> EXERCISE PROMPT
An exact copy of every entry is needed, with no images.

(Data excerpts)

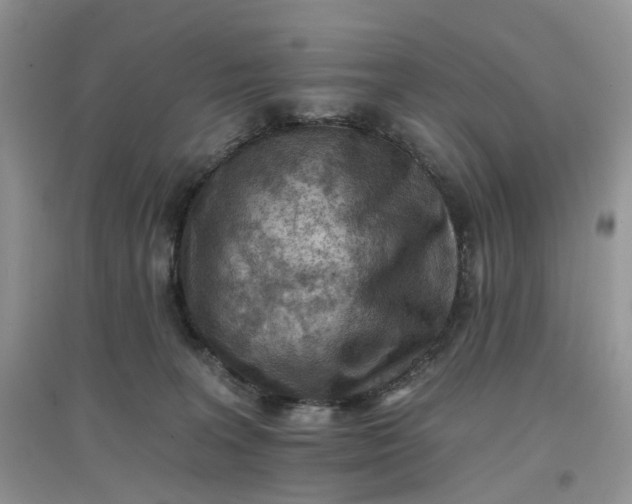 X0000097650227200803142117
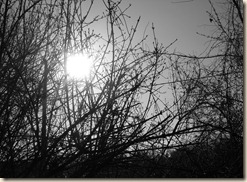 DSCN1287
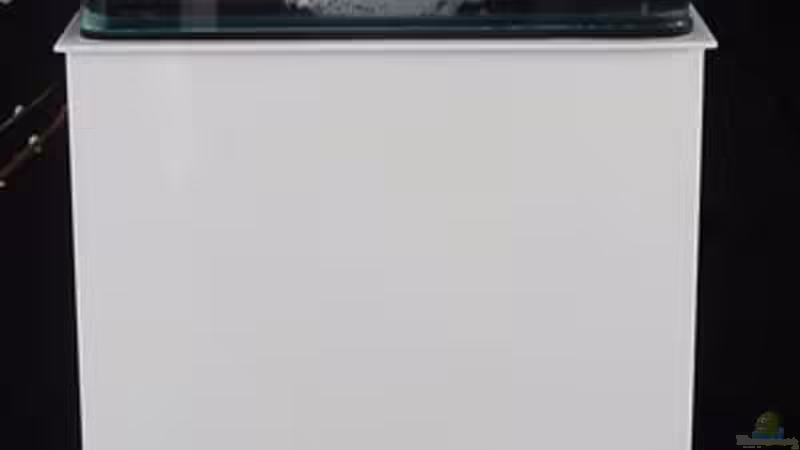 So fing alles an von Nano Sonny (8)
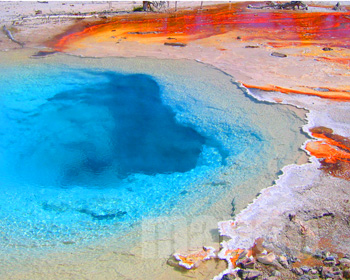 Yellowstone, Montana Photography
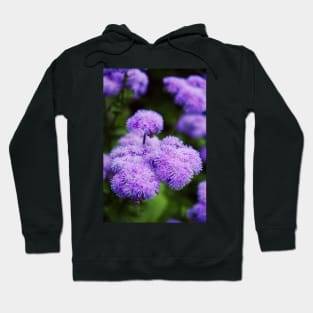 Purple Mimosa Flower Hoodie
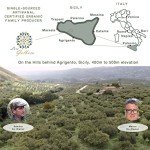 Sicilian Extra Virgin Olive Oil - Organic, 16.9 fl oz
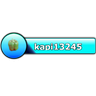 kapi13245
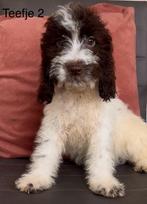 Cockapoo pups mogen het nest verlaten️, Dieren en Toebehoren, Overige rassen, CDV (hondenziekte), 8 tot 15 weken, Meerdere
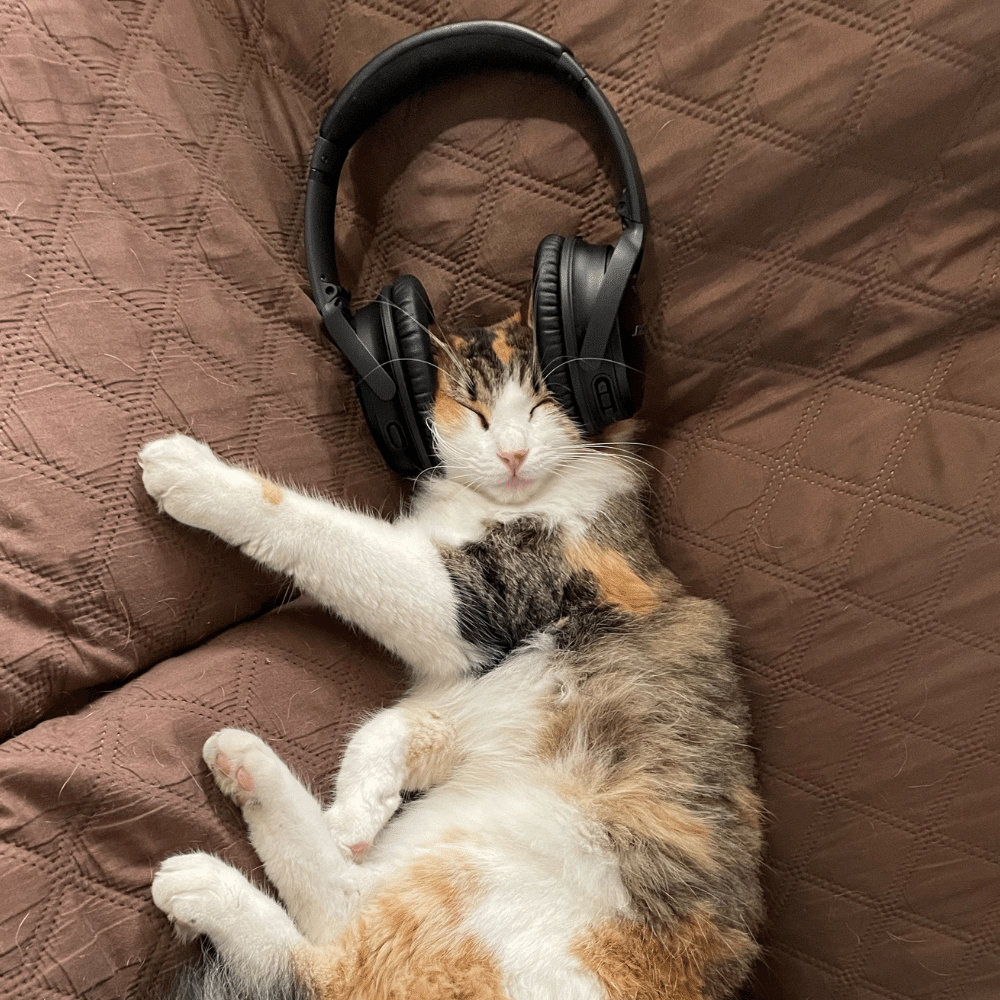 Best Headphones with Cat Ears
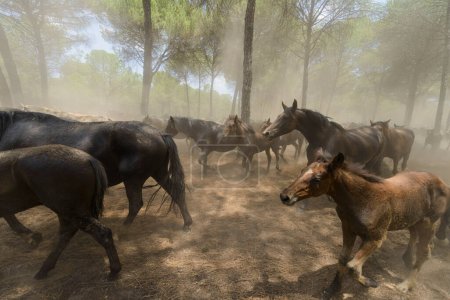 In June, a livestock event is held in which herds of mares and their foals are transported from the Donana Park to the village of Almonte to be prepared and selected for sale.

> SOLUTION TO THE PROBLEM
 X0000097650227200803142117
 DSCN1287
 So fing alles an von Nano Sonny (8)
 Yellowstone, Montana Photography
 Purple Mimosa Flower Hoodie
 Sicilian Extra Virgin Olive Oil - Organic, 16.9 fl oz
 kapi13245
 Cockapoo pups mogen het nest verlaten️, Dieren en Toebehoren, Overige rassen, CDV (hondenziekte), 8 tot 15 weken, Meerdere
 Best Headphones with Cat Ears
 In June, a livestock event is held in which herds of mares and their foals are transported from the Donana Park to the village of Almonte to be prepared and selected for sale.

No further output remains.